This question has almost been "answered to death", but I think there are a few more points that could usefully be made:
Using try / catch
for non-exceptional control flow is bad style (in Java). (There is often debate about what "non-exceptional" means ... but that's a different topic.)
Part of the reason it is bad style is that try / catch
is orders of magnitude more expensive than an regular control flow statement1. The actual difference depends on the program and the platform, but I'd expect it to be 1000 or more times more expensive. Among other things, the creation the exception object captures a stack trace, looking up and copying information about each frame on the stack. The deeper the stack is, the more that needs to be copied.
Another part of the reason it is bad style is that the code is harder to read.
1 - The JIT in recent versions of Java can optimize exception handling to drastically reduce the overheads in some cases. However, these optimizations are not enabled by default.
There are also issues with the way that you've written the example:
Catching Exception
is very bad practice, because there is a chance that you will catch other unchecked exceptions by accident. For instance, if you did that around a call to raw.substring(1)
you would also catch potential StringIndexOutOfBoundsException
s ... and hide bugs.
What your example is trying to do is (probably) a result of poor practice in dealing with null
strings. As a general principle, you should try to minimize the use of null
strings, and attempt to limit their (intentional) spread.
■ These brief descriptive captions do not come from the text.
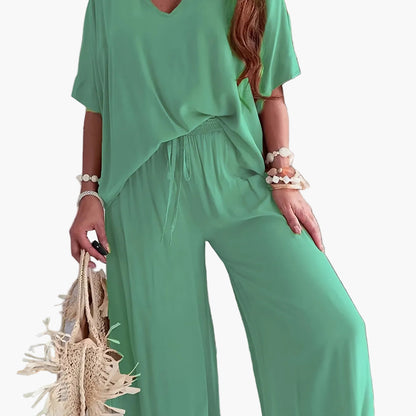 Damen Eleganter Jumpsuit mit weitem Bein und V-Ausschnitt – Perfekt für Freizeit und Partys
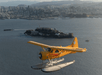 A yellow seaplane flies over water near Alcatraz Island, with a city skyline and mountains in the background.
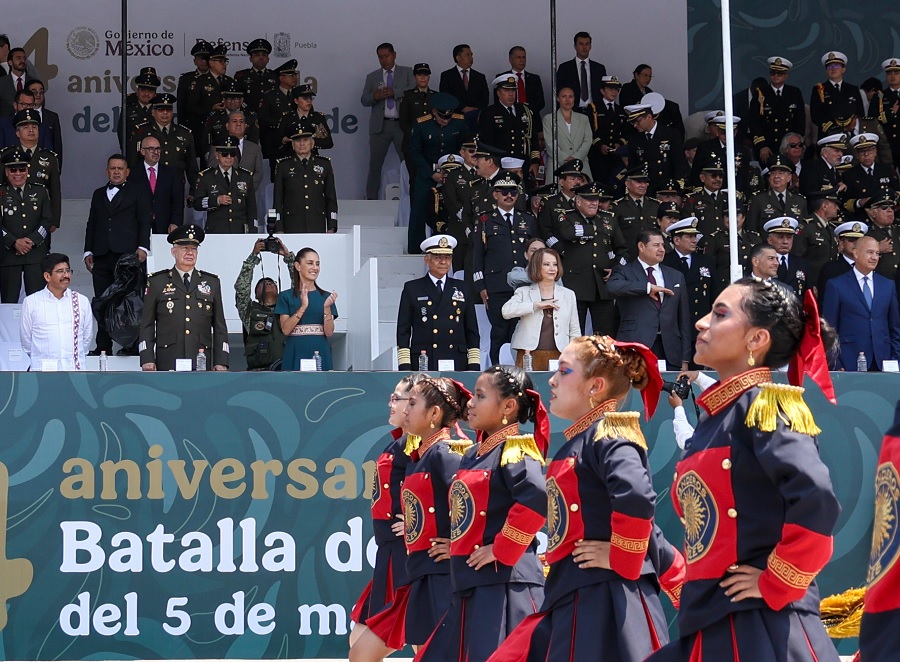 Grupo de mujeres desfilan frente a Claudia Sheinbaum un 5 de mayo en Puebla.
Where possible, use an empty string instead of null
to mean "no value". And when you do have a case where you need to pass or return a null
string, document it clearly in your method javadocs. If your methods get called with a null
when they shouldn't ... it is a bug. Let it throw an exception. Don't try to compensate for the bug by (in this example) returning null
.
My question was more general, not only for null
values.
... and most of the points in my answer are not about null
values!
But please bear in mind that there are many cases where you want to allow the occasional null value, or any other value that could produce an exception, and just ignore them. This is the case, for example, when reading key/pair values from somewhere and passing them to a method like the tryTrim() above.
Yes there are situations where null
values are expected, and you need deal with them.
But I would argue that what tryTrim()
is doing is (typically) the wrong way to deal with null
. Compare these three bits of code:
// Version 1
String param = httpRequest.getParameter("foo");
String trimmed = tryTrim(param);
if (trimmed == null) {
// deal with case of 'foo' parameter absent
} else {
// deal with case of 'foo' parameter present
}
// Version 2
String param = httpRequest.getParameter("foo");
if (param == null) {
// deal with case of 'foo' parameter absent
} else {
String trimmed = param.trim();
// deal with case of 'foo' parameter present
}
// Version 3
String param = httpRequest.getParameter("foo");
if (param == null) {
// treat missing and empty parameters the same
param = "";
}
String trimmed = param.trim();
Ultimately you have to deal with the null
differently from a regular string, and it is usually a good idea do this as soon as possible. The further the null
is allowed to propagate from its point origin, the more likely it is that the programmer will forget that a null
value is a possibility, and write buggy code that assumes a non-null value. And forgetting that an HTTP request parameter could be missing (i.e. param == null
) is a classic case where this happens.
I'm not saying that tryTrim()
is inherently bad. But the fact that you feel the need write methods like this is probably indicative of less than ideal null handling.
Finally, there are other ways to model "there isn't a value" in an API. These include:
- Test for unexpected
null
in setters and constructors, and either throw an exception or substitute a different value.
- Add an
is<Field>Set
method ... and throwing an exception in get<Field>
if the result would be null
.
- Use the Null Object Pattern.
- Use empty strings, empty collections, zero length arrays, etc instead of
null
strings, collections or arrays1.
- Using
Optional
.
1 - To mind, this is different from the Null Object Pattern because there isn't necessarily just one instance of the type to denote "nullity". But you can combine the two ideas ... if you are disciplined about it.